BEGIN

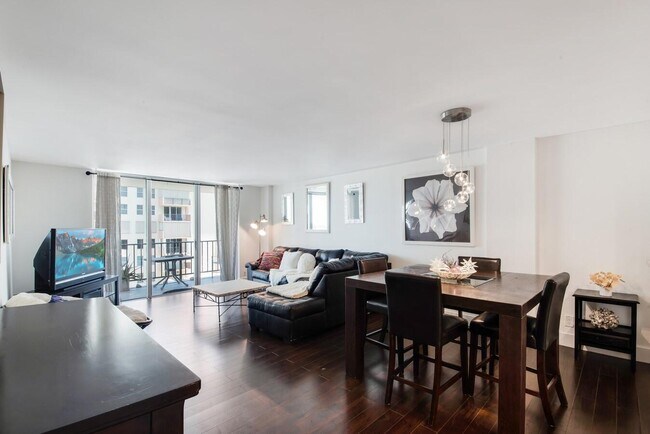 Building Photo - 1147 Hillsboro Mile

END
BEGIN

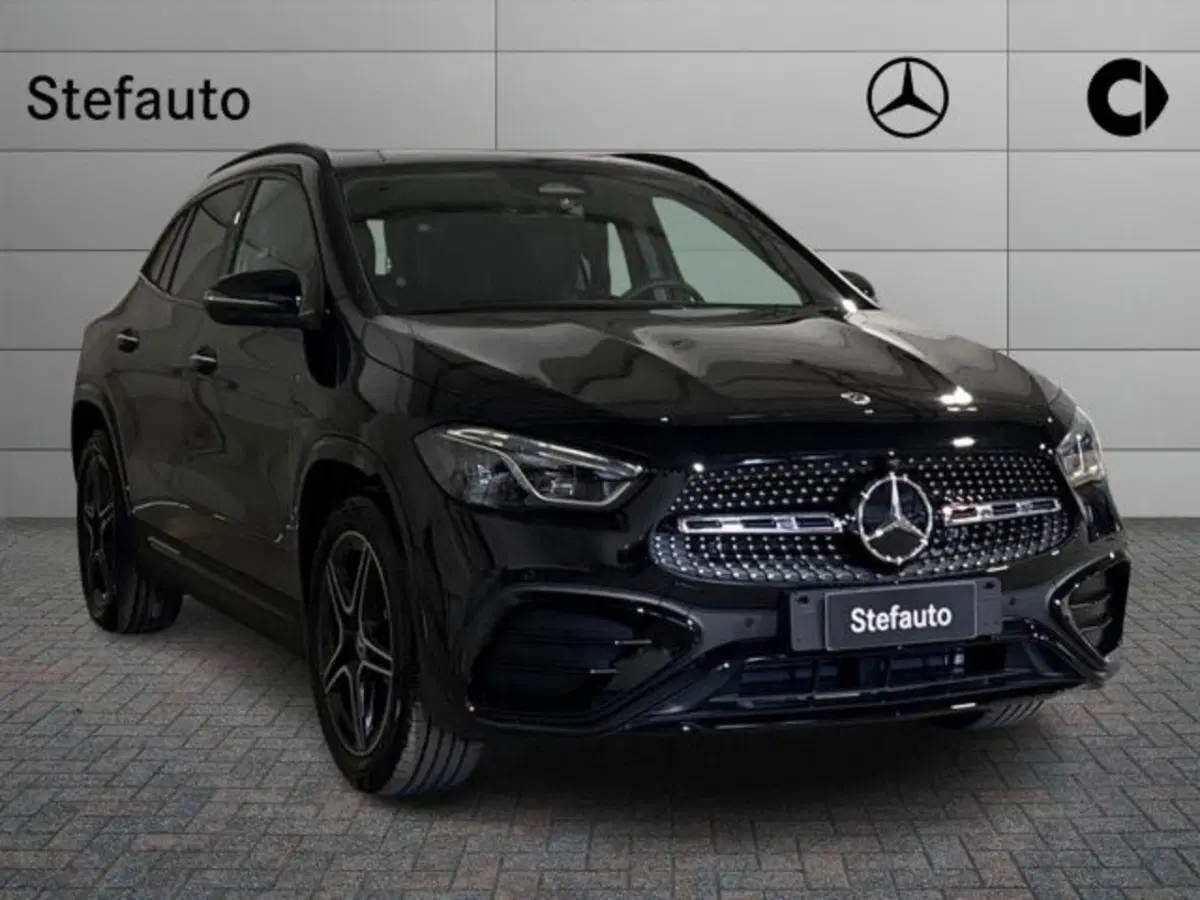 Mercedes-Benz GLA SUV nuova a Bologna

END
BEGIN

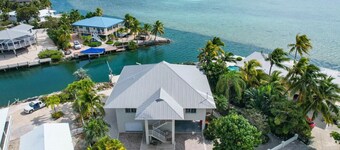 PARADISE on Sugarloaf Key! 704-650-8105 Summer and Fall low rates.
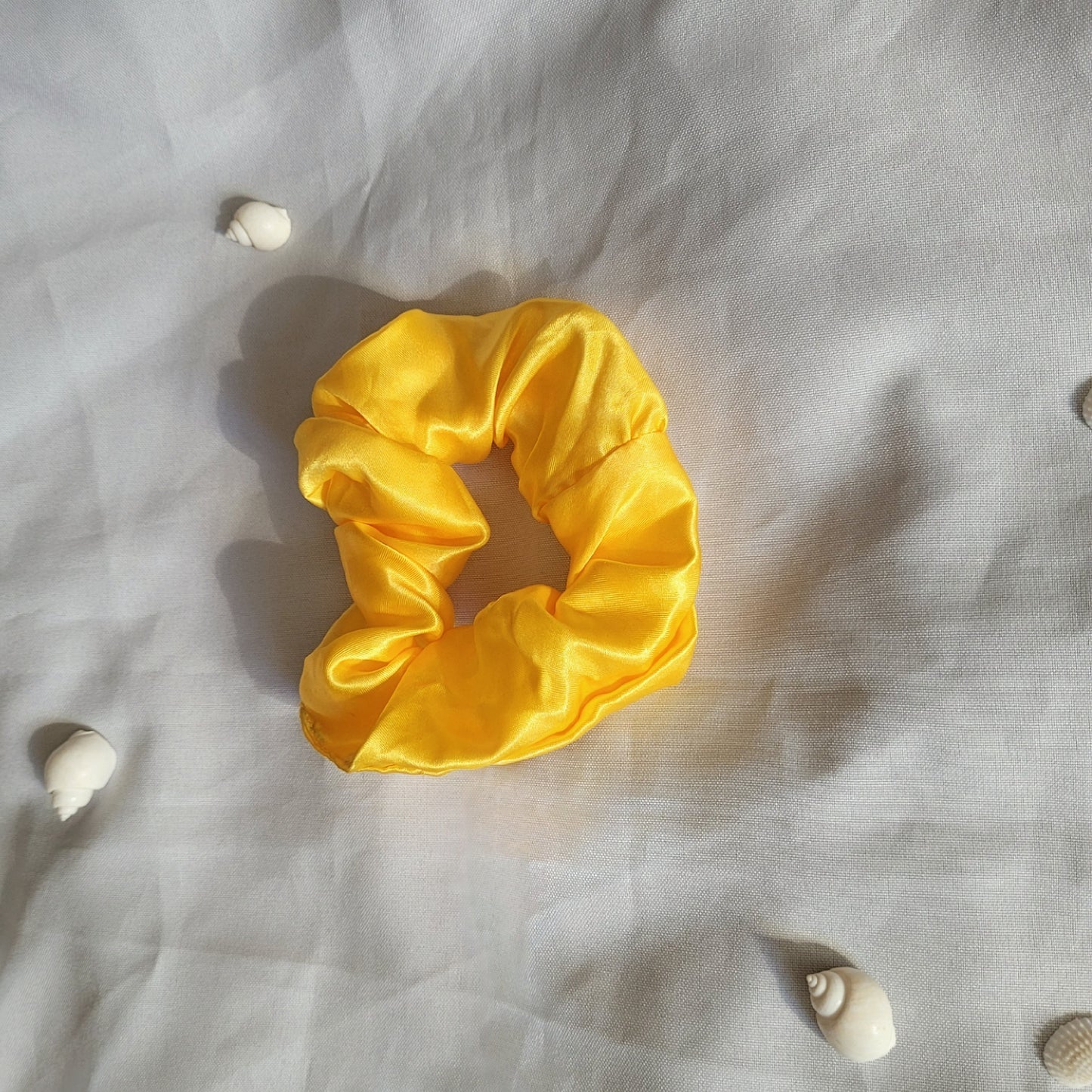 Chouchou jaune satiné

END

**Task to carry out:** From the records above, quote word for word only the lines beginning at the line that has "PARADISE on Sugarloaf" and stopping after the line that has "Chouchou jaune satiné". Omit the pictures.

**Response area:**
 PARADISE on Sugarloaf Key! 704-650-8105 Summer and Fall low rates.
 Chouchou jaune satiné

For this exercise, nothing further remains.